Webb sighed, trying to keep an open mind. No harm, anyway, in checking if Mrs Adams had been with her husband at the time Makepeace died. And as the thought came to him he recalled sitting in Janet Conway’s pleasant sitting-room overlooking the fairway. How, he had asked, had she learned of Billy’s death? From the doctor’s wife, she’d replied, when she’d called to return the scarf Vera left in the car after WI.
So if Billy had called on him, Frank Adams would have been alone. But would he have had time — even if he wanted to — to lie in wait, push him in the canal, and still reach home before his wife?
And on cue Webb’s memory again stirred. Sheila said she’d have phoned Billy back that evening, had she not been so late home. Had Vera been subjected to the same delay?
He pushed back his chair, strode to the door and hurried down the stairs, calling for his sister as he went. She came quickly into the hall to meet him, looking startled by his urgency.
‘You were late home from WI last Monday?’
‘That’s right; old Mrs Simpson couldn’t find her bag and had us all searching for it. Then, if you please, she remembered she hadn’t brought it with her that evening.’
‘How many of you stayed to look for it?’
‘Angela, Janet and me. Oh, and Vera Adams, because Janet was giving her a lift.’
Webb let out
his held breath. ‘And you got home at what time?’
‘After eleven-thirty. I thought Colin might have been back from his Dinner, but he wasn’t. Why? Is it important?’
‘It might very well be vital,’ Webb said.

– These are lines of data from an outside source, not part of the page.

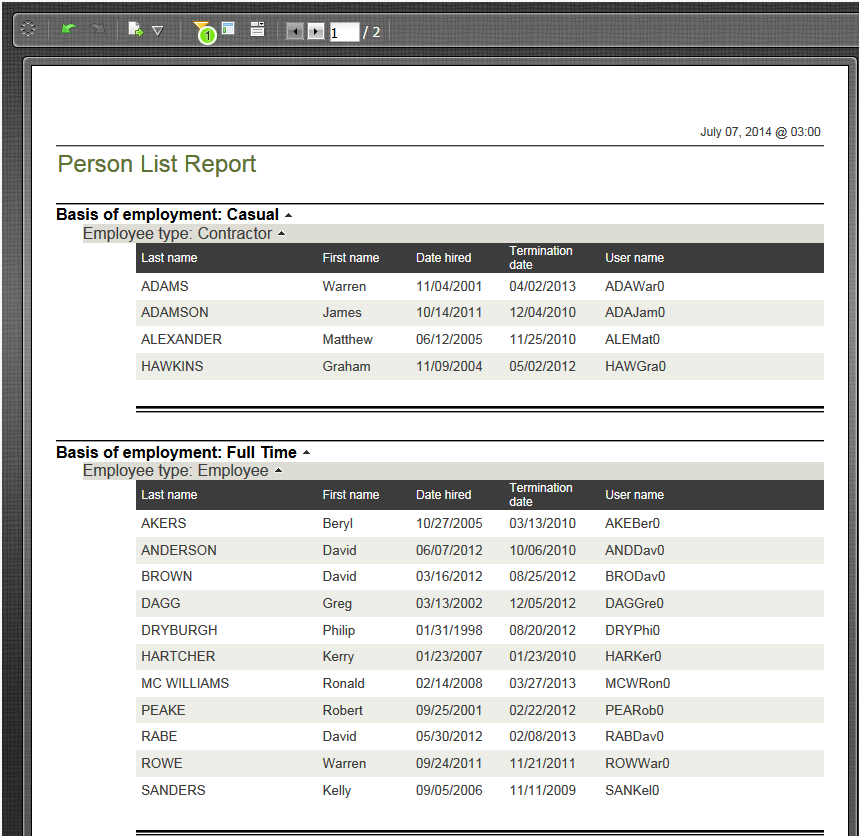 Interactive Report - example Person List Report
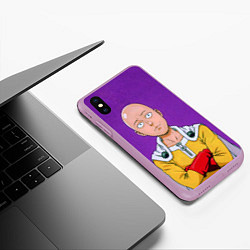 Чехол iPhone XS Max матовый Realistic Saitama, цвет: 3D-сиреневый — фото 2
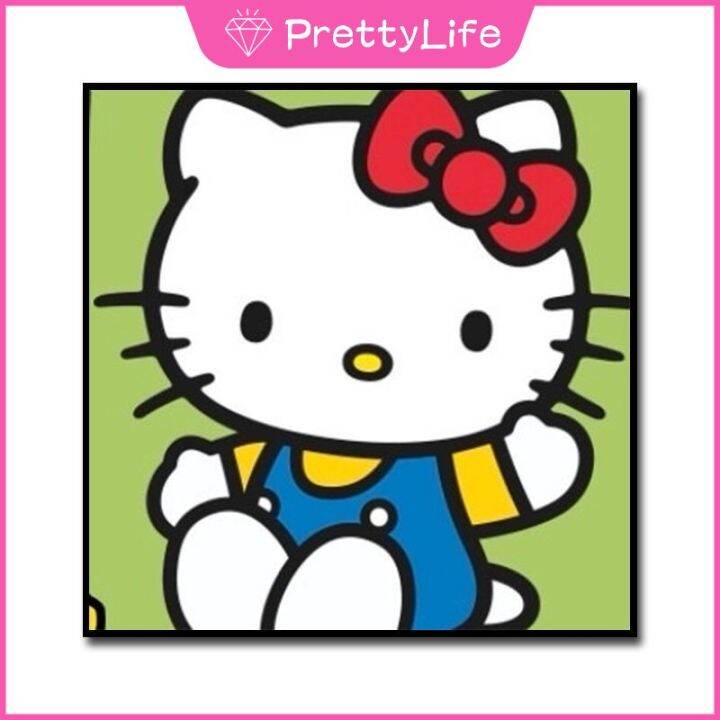 pl-5d-ภาพวาดเพชรใหม่เต็มเพชร-hellokitty-diy-เพชรเย็บปักถักร้อยภาพวาดตกแต่งปักครอสติคริสตัลจิตรกรรม30x30เซนติเมตรอะคริลิเพชรภาพจิตรกรรมฝาผนัง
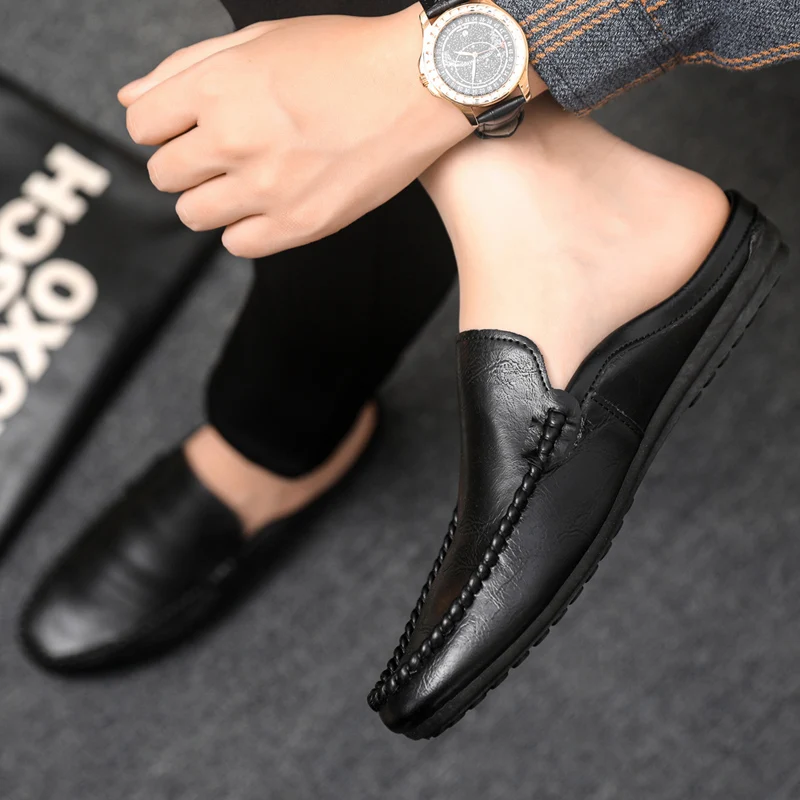 Backless Loafers Mules Half Slippers Men Leather Slip On Flat Sneakers Large Size 45 46 Open Back Casual Shoes Slides Sandals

‘But why? What possible—?’ She was interrupted by the sudden strident ringing of the phone. She picked it up, then turned to Webb. ‘It’s for you, David. Sergeant Jackson.’

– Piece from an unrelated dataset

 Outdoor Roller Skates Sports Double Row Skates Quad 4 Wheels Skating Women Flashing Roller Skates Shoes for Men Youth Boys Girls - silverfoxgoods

He almost snatched it from her. ‘Ken? You’ve got something?’
‘Yes, Guv, it looks like it. Best not over the phone, though.’
‘How soon can you pick me up?’
‘Five minutes?’
‘I’ll be ready.’
‘Thanks, Sheila,’ Webb said over his shoulder as he ran back up the stairs two at a time. He rapidly gathered up the sheets of discarded paper and stuffed them into his briefcase. Then, with a feeling of growing excitement, he raced back down the stairs and out to the gate to wait for Jackson.
CHAPTER 14
It had at last stopped raining, though as Webb stood waiting outside the Garden Centre he didn’t register the fact. His brain was churning with the startling possibilities that had suddenly opened up, and he was impatient to learn whether Jackson’s news would confirm or dispel them.
As the car drew up, he opened the door and slid into the passenger seat. ‘What is it, Ken?’
‘A bit of a shaker actually, Guv.’
‘Dr Adams?’
Jackson’s head spun round. ‘How did you—?’
‘Tell me.’
‘Well, Bob took the Heatherton road and I did Chapel Lane. And I struck gold at the third house. A Miss Grant lives there — very nice lady, she is — head of English at St Anne’s, she was telling me.’
‘Go on, Ken.’
‘I asked her if she’d always lived there, and she said yes, she was born there. So I explained what we were looking for, and asked whether she or her parents had happened to look out of the window that evening and see Dick Vernon. I thought at first I’d drawn a blank, because she said no, she remembered the evening quite well because she’d been ill and certainly not looking out of any windows.